Keep your eyes fixed on that exact area and mark that spot. This is critical.

If you’re an archery hunter, you may have to wait some time, depending on your shot placement, to actually hang your ribbon. Your buck may only have run a short distance before lying down and you don’t want to spook him by walking forward.

A deer hit in the liver seldom travels far before lying down, but may take some time to expire. Whatever you do, don’t spook him out of this bed, he can go 200 yards or more if you do, making it very difficult if not impossible to find him.

As a general rule of thumb, wait an hour on a great hit and two hours on a liver hit. Don’t wait overnight; your venison may be spoiled by then.
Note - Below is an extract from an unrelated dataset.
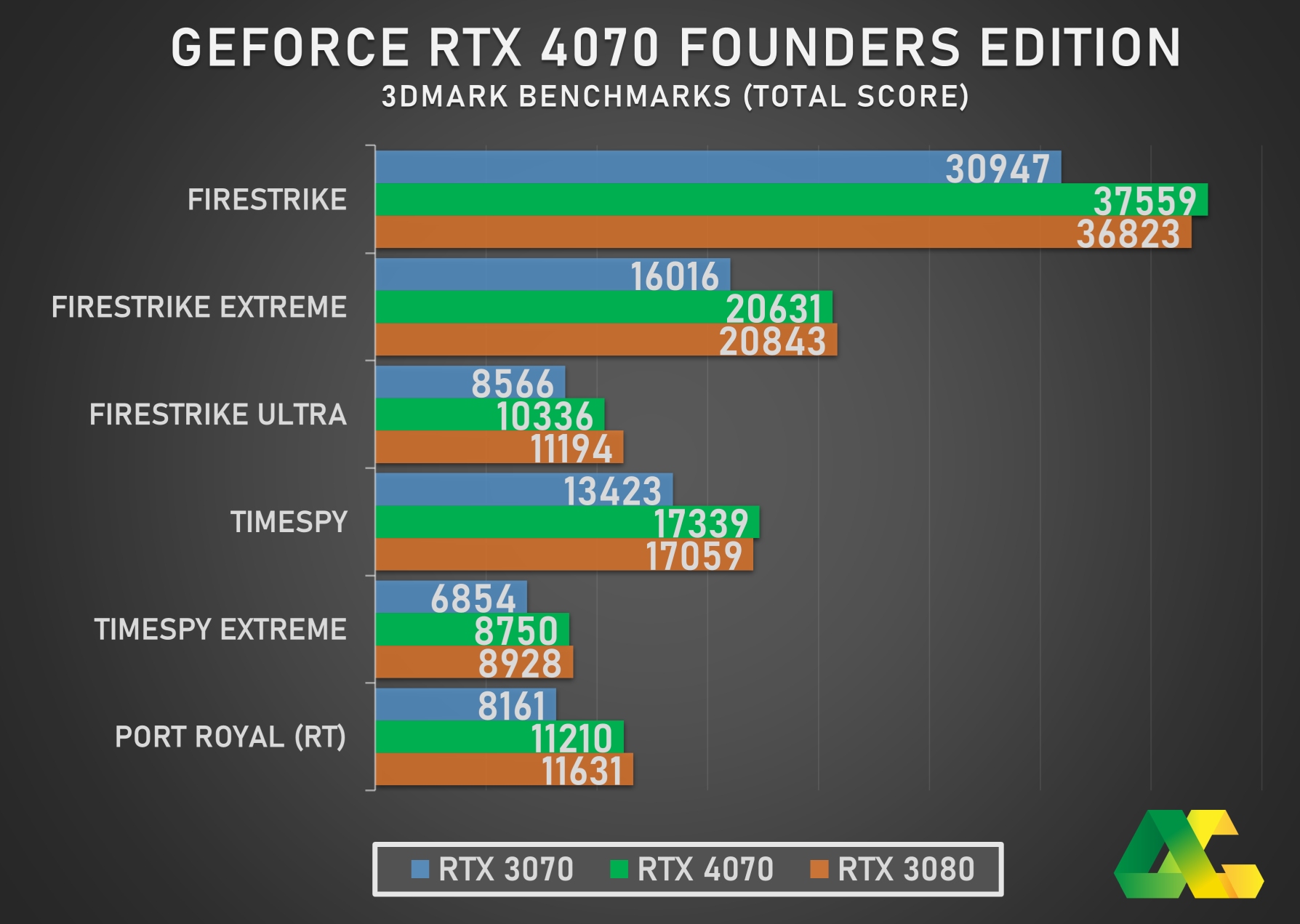 Nvidia GeForce RTX 4070 review: Highly efficient 1440p gaming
If the deer is safely out of sight, you may wish to quietly and stealthily sneak out of your stand and return later, but, be positive you remember his location when you fired and where he was last seen. Immediately mark those locations on your return.

If the animal reacts to being hit, flinched, jumped or kicked, begin searching in the direction the animal ran if you don’t find tracks or a blood trail at first. Attempt to find your arrow and check it for hair and blood.

REMEMBER, deer don’t always bleed at first, even when hard hit. After 50 or so, look back at your ribbon to establish the direction the animal is traveling. If you can’t find a sign quickly, return to your last marker and make sure you were searching the correct area.

It is easy to be mistaken, especially if you’re in thicker cover. If on a blood trail, continue marking the trail so your ribbons are in sight of each other.

These markers, though simple, are critical to finding your animal. I know one hunter and his guide who lost a moose, yes, a MOOSE, in a large brush covered clear-cut simply because they did not mark the spot they had shot from.

It was a long shot and, in the excitement, and unable to walk directly toward the animal because of the tall, thick brush, saplings, logs and old tree tops, they became confused where the moose had fallen. Everything looked the same.

Because they hadn’t marked the spot from which the hunter fired, they were unable to return to the spot he had shot from, making it impossible to line things up again and though they searched for hours, they couldn’t locate the moose.

But, hopefully you’ve been wiser, and since you marked the spot from which you shot and carefully fixed the location the animal was standing when you fired and was last seen, you now have a base for your search. Simply finding the blood trail may be all you need to do to find your quarry.

If the blood trail is slight, marking the trail every 30 yards or so will help determine the animal’s direction of travel. If you run out of sign, mark the last tracks or blood and search carefully in the direction the animal was headed.

But remember, many deer I’ve followed many times turn sharply to the sides, 90 degrees, many times and especially just before they drop, not making your job any easier.

No luck? You will need to circle your last marker until you find more sign, but don’t mess the area up, hiding tiny drops perhaps.

If you need help, return with friends. Lining five or six of your buddies up and searching in the animals last known direction for 300 to 400 yards should find a mortally hit deer. If you cannot find the animal, you will at least have the peace of mind that you did all that was possible and hope the wound was a slight one, the deer escaping to live another day.

Good hunting, and don’t lose that hard-hit trophy simply because you didn’t follow a few simple steps that can spell the difference between success or bitter failure.